Sunday, March 24, 2019

Doing the right thing: two views




Focus on Leonardo in the coffee klatch

Doing the right thing: two views
I
My mentor was always seven minutes late for our Latin class twenty-five years ago.  Unlike Jørgen, I arrive on the dot, but late in the eyes of Ellie, another volunteer teacher for our drop-in English conversation group at the Georgetown Neighborhood Library.  Ellie, a retired scientist, has already pushed two heavy library tables together for eager people still arriving.  I give her name tags and an attendance sheet and then suggest that the group talk about Spring festivals where they are from, Asia, Latin America, Europe, former Russian republics, and the Mid-East.   Ellie is a perfect match for them.  She will work carefully to correct pronunciation and explain new words and expressions as they read a short article I have prepared.
I leave Ellie’s group to join a second group, the “old faithfuls,” known also as the coffee klatch.  After we greet each other with kisses, I trade notes on the DC theatre scene with Micaela, a young Argentine actress who is wearing extravagant dangly pearl earrings. While Mark, another volunteer teacher, pulls two more tables together for the coffee klatch, I run to the information desk in the next room to get 20 copies of a short opinion piece I have chosen for both groups’ main topic, “Going to the Funeral,” a transcript from a 2005 NPR broadcast.  I hope we will focus on the subtext of the piece, positive aspects of doing the right thing, rather than its depressing subject.  I will ask them to make comparisons between funeral celebrations in their home countries and various funerary customs in the USA.
This second group, the coffee klatch, from Asia, Europe, Africa, the Mideast, and Latin America, which tolerates minimal intervention from Mark and me, know each other well, although there are a couple of unfamiliar faces.   I try to balance them, to get the Asians to talk, while reining in regulars from Egypt, Morocco, Germany, France and Italy. 
I can depend on Leonardo, arriving around 10:15 in his motorcycle helmet and black leather jacket that glint and shine like his dark eyes and straight dark hair.  Leonardo wakes us up with a slide presentation about Spring festivals around the world.  We have to laugh at how thorough his research has been, ranging from pyramids in Mexico to surfing in Wales, balloons filled with dye in India, to marital arrangements in Russia.
II
Leo is late to the Library, but brightens up when he sees Susan.  In Mexico drop-in means you come when you can.   His six-year-old son Dominic was dawdling over breakfast before the two of them walked slowly to the boy’s school.   Leo can’t conceal his worries about Mr. Trump’s weird ideas about Mexico, though, as he tells the group, the Mexican President Enrique Nieto Peña beat Trump in the scoundrel contest by plagiarizing his law school thesis and colluding with drug lords.  
Days can be long for a househusband, and Leo is grateful to have a project.  Finding out about Spring festivals around the world gave him something else to talk about with Dominic.  Since Dominic enjoyed the slide show, Leo isn’t surprised that the group likes his presentation. 
Everyone is invited to speak about Spring festivals back home.
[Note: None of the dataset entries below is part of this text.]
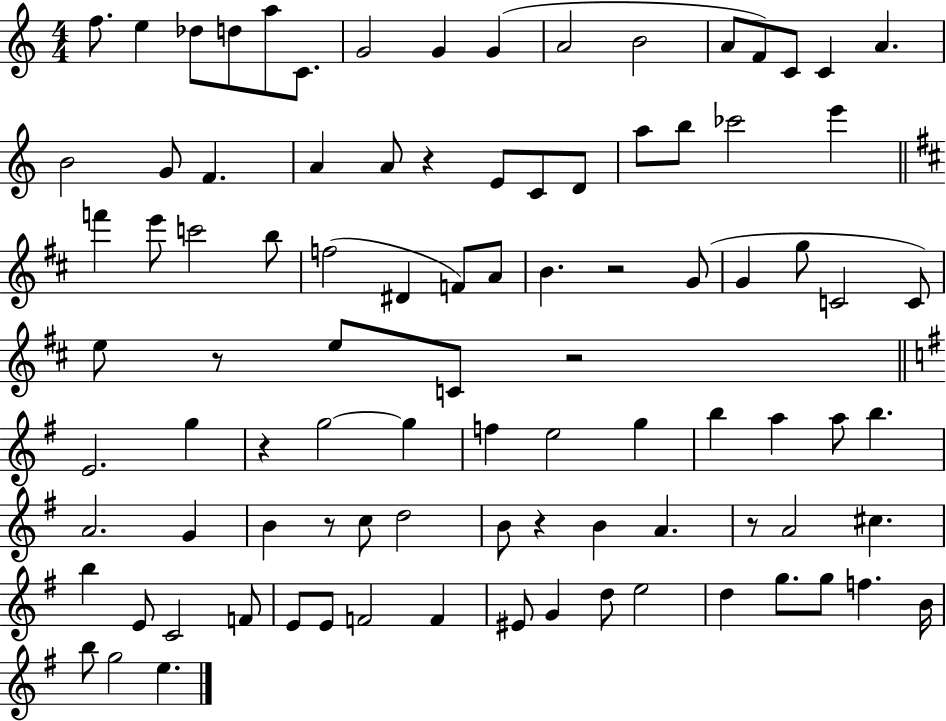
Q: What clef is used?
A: treble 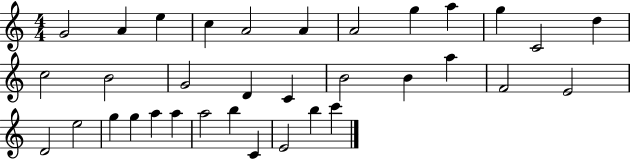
X:1
T:Untitled
M:4/4
L:1/4
K:C
G2 A e c A2 A A2 g a g C2 d c2 B2 G2 D C B2 B a F2 E2 D2 e2 g g a a a2 b C E2 b c' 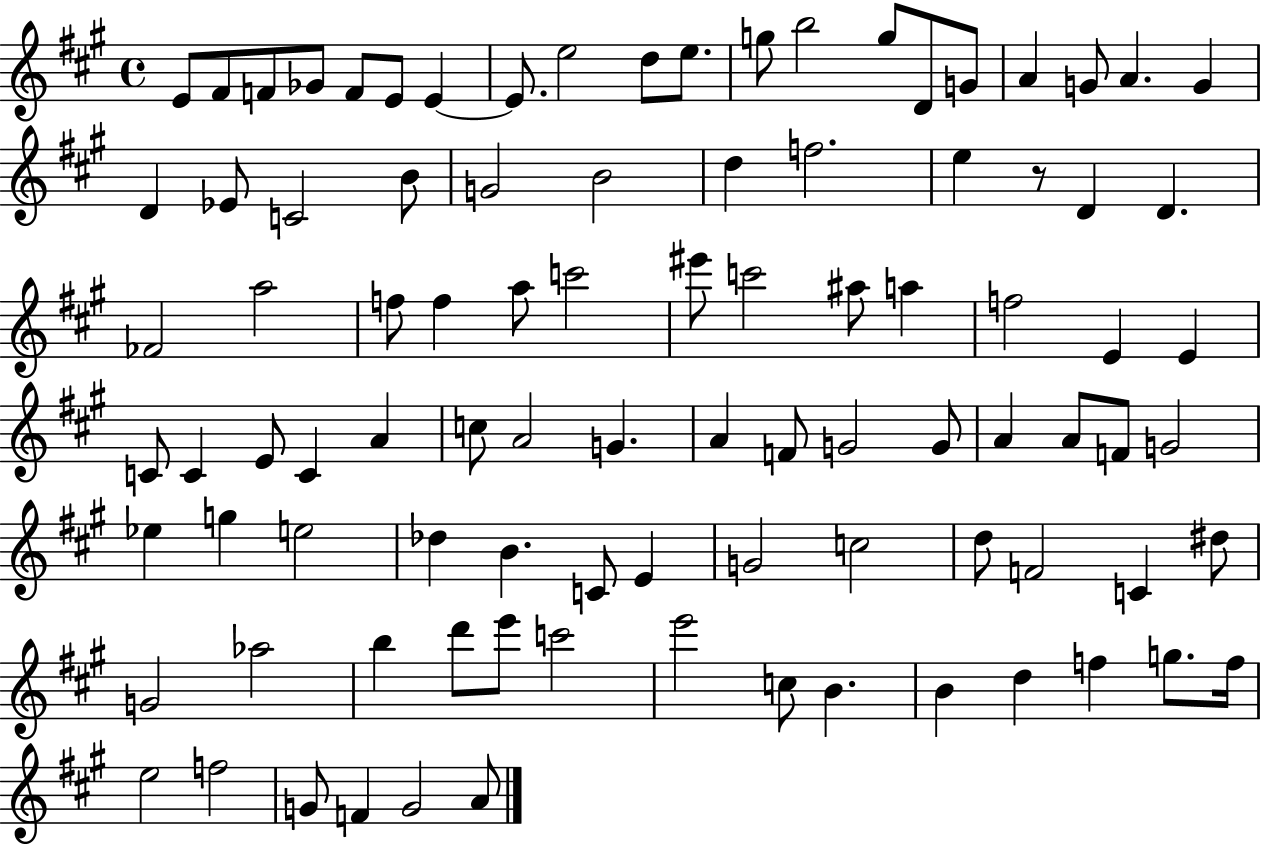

He can’t understand when Ikumi talks about Spring festivals in Japan.  Argentina and Italy have the same traditions about giving children Easter eggs that contain presents, which Dominic would enjoy.  Youssef tells about a three-day festival in Kelaat Mgovna, in a valley of the Atlas Mountains in Morocco, famous for roses, and an international music festival in Gnaowa.
After finishing with Spring festivals, there’s a short article to look at called “Always Go to the Funeral.”  What a downer to hear the others talk about doing the right thing, like filling out forms, waiting in line, and enduring unpleasant work environments, but even worse to hear details about funerals, except for Youssef who accepts death as part of life.  Anna, whose husband is at death’s door with cancer, looks like she will pass out.  At the end of the meeting the mood perks up again: even the usually restrained Julia from Germany gets excited talking about Mr Trump.
Leo knows he makes many mistakes but he gets few corrections because he is fluent.  He’s frustrated enough to be talking of leaving the conversation group to take classes at the Washington English Center to get his English straightened out.  He’s heard that he will learn a lot there and also make more friends.  After the two groups break up, Leo begins to talk to Baur, a smiling young guy from Kazakhstan, about going to the Center together.